The sentiment, a key factor in an economy, is also on a downswing. Of course, a few steps have been taken by the government in the past few weeks like the cut in the corporation tax rates and the announcement of packages for reviving housing, real estate, automobiles and exports. But there has as yet been no respite from economic distress.

What should the government do? Different proposals to revive the economy are reportedly under consideration. They range from a package of additional investment for infrastructure, changes in income-tax rates, policy reforms and privatisation. These measures will help, but their impact would not be immediate. Before even ensuring an improvement in the key economic growth numbers, it will be important to address the current downbeat mood in the economy. Economic sentiment is as important as the actual data on the economy. So, here is an attempt at listing out a couple of measures that the government should examine to start the process of reversing the downturn in the current mood.

The first big step that the government must consider is to come out with a white paper on the state of the Indian economy. Various members of the government and several other institutions, including think tanks and rating agencies, have made different comments on the nature of the problem and the challenges that the Indian economy faces at present. The markets and industry are not sure which narratives they must accept and which ones they can reject. This uncertainty has also helped fuel the negative sentiment on the economy.

Therefore, this is the ideal time for the government to come out with a status paper revealing what it believes to be the Indian economy’s actual condition and prospects. Such a document can be prepared quickly and its credibility will be enhanced if the task is given to an independent economist who could prepare a report with the help of government economists, experts and officials in the finance ministry. Remember the report by Vijay L Kelkar on the state of the economy during the winter of 2012! The Indian economy needs something similar.

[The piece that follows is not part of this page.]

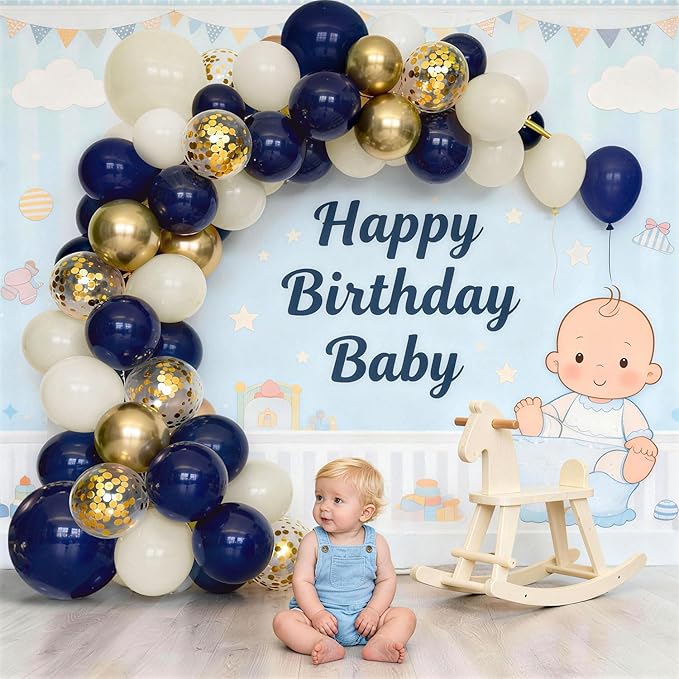 Blue and Gold Balloons Arch Kit, Navy Dark Blue Latex Balloon Arch Kit with Chrome Gold Sand White Balloons Garland and Gold Confetti Balloons for Wedding Boy Birthday Gender Reveal Party Decoration
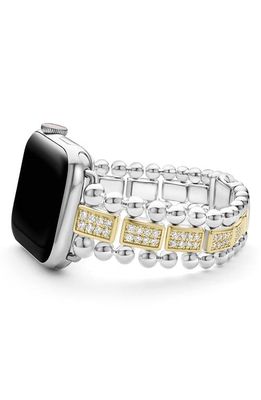 LAGOS 18K Gold & Sterling Silver Diamond Link Band for Apple Watch in Silver Gold Diamond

Such a report should help the government manage  people’s expectations from the Budget, due to be presented in less than 11 weeks from now. These expectations are running high and it would be good to place these expectations in the context of the current state of the economy. A report on the economy by an independent expert will help present the current scenario and the challenges that lie ahead. The pre-Budget Economic Survey, to be presented just a day or two before the Budget, will be a bit too late for managing such expectations.  

The report will also help the government to take the country into confidence as far as the problems its own finances are suffering from are concerned. Its revenue flows so far in the year do not inspire anybody’s confidence about the government’s ability to meet its fiscal deficit target of 3.3 per cent of gross domestic product (GDP) for 2019-20. Different estimates on the government’s revised fiscal deficit number and the extent of extra-Budget borrowings are doing the rounds.

A status paper on the economy would be able to end all such speculation.  Instead of the Budget revealing those numbers, it would be advisable to let the white paper on the Indian economy bring out the bad news. That will also allow the Budget to focus more on the policies that need to be reformed and the new expenditure packages that are necessary. The finance minister could even supplement the efforts of the white paper by acknowledging the stress in the fiscal system and reiterating the government’s resolve to fix the economy.

The second step that the government must take is not to turn away from such data that indicate an economic downturn. Some months ago, a government survey showed that employment growth in the economy had seen a huge decline. The immediate reaction of the government was to describe the report as only a draft finding of the surveyors. A few months later, the government accepted the same report as final. That was a welcome step, just as the earlier attempt at denying the report was problematic.

A few days ago, the government decided to junk its own survey on consumer spending, which showed a decline, because of data quality issues. Such steps undermine the confidence of people and industry in the state of the economy. If there are data quality issues, the survey need not be junked, but supplementary efforts can be made to plug the data gaps if any.

An economic slowdown cannot be addressed only by increasing investments and introducing policy reforms. Equally important is the role of transparent communication to the people about the nature of the economic slowdown and the challenges arising from it. The goals of transparent communication can be achieved if the government comes out with a white paper on the current state of the economy and accepts economic data as well as survey findings.

At the start of the first term of the Narendra Modi government, Arun Jaitley, finance minister at that time, had dropped the idea of bringing out a status paper on the economy’s problems for fear that it would undermine the investor’s confidence in the Indian economy. That was a wrong move. Investors always like clarity and transparency about the state of an economy. Today, they will welcome any move that results in Finance Minister Nirmala Sitharaman producing a white paper on the Indian economy.